**Supplied material:**
:::::

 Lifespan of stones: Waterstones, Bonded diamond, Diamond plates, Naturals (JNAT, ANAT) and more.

:::::

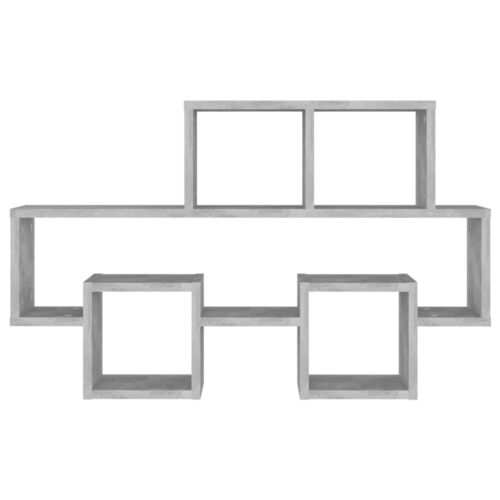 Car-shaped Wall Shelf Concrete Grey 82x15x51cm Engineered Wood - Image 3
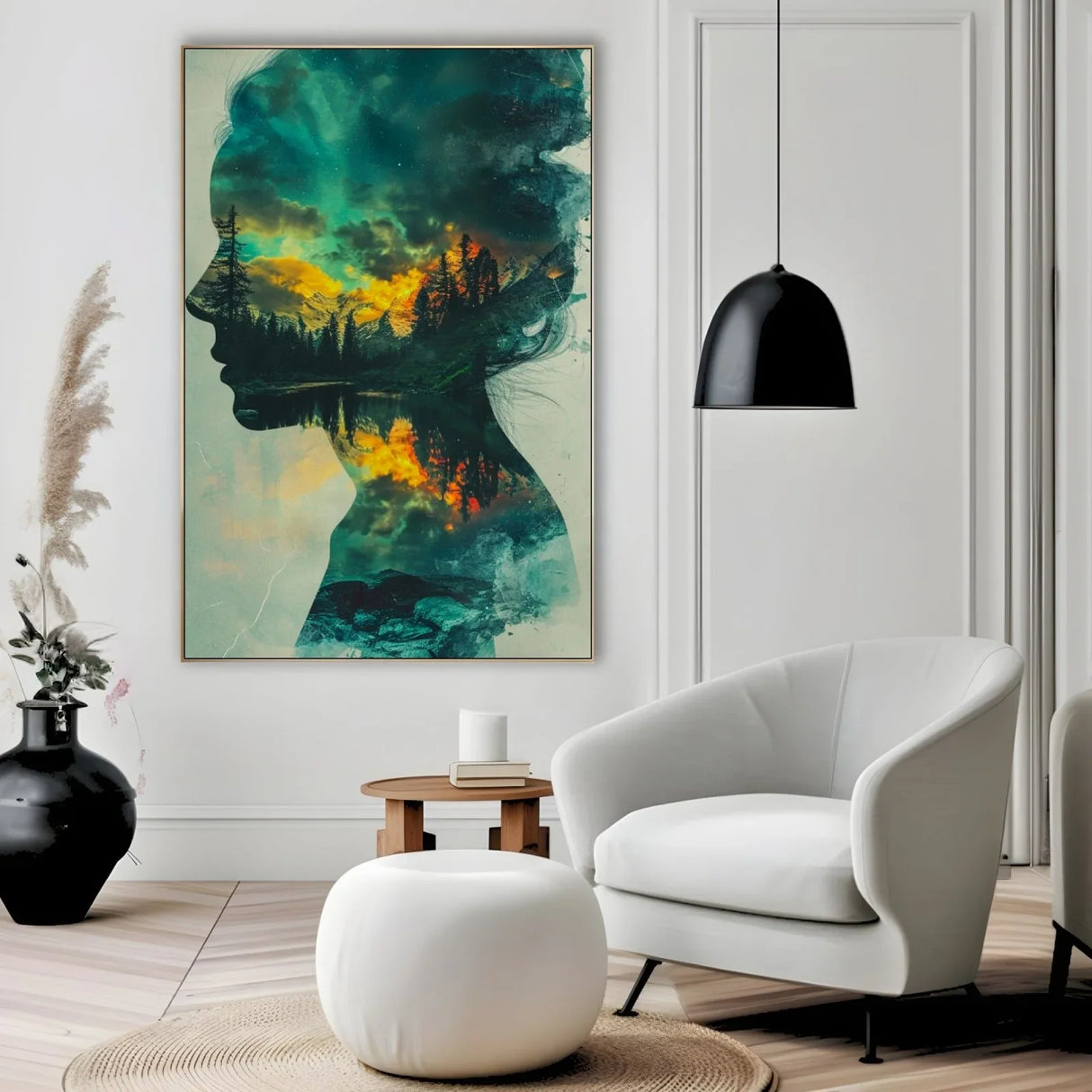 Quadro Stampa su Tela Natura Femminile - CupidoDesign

:::::

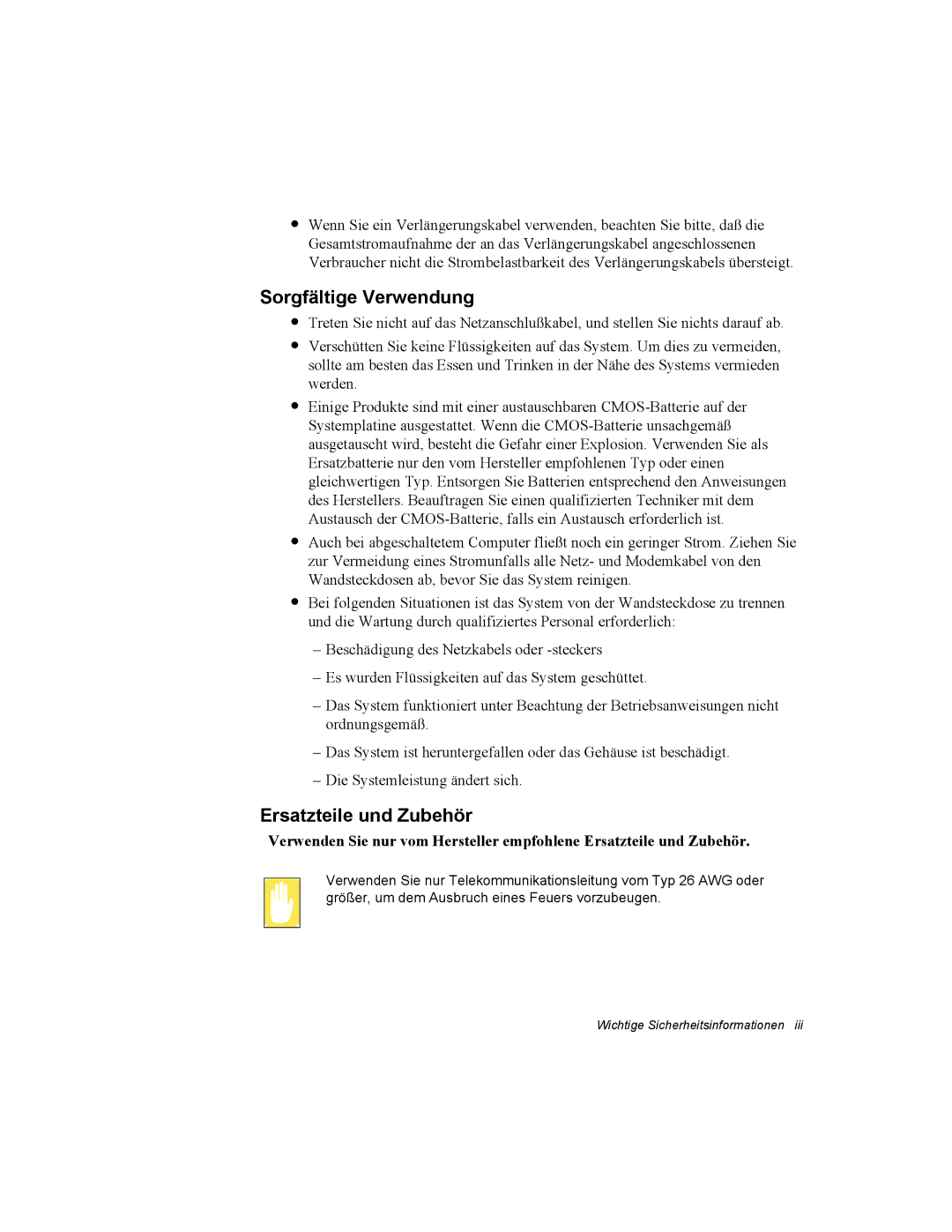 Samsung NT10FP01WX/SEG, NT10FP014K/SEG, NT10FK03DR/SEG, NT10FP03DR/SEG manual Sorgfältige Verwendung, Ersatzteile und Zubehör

:::::

Starting with the line above that holds "Car-shaped Wall Shelf", restate each line word for word up to and including the line that holds "Quadro Stampa su". Drop the pictures.

**Answer space:**
 Car-shaped Wall Shelf Concrete Grey 82x15x51cm Engineered Wood - Image 3
 Quadro Stampa su Tela Natura Femminile - CupidoDesign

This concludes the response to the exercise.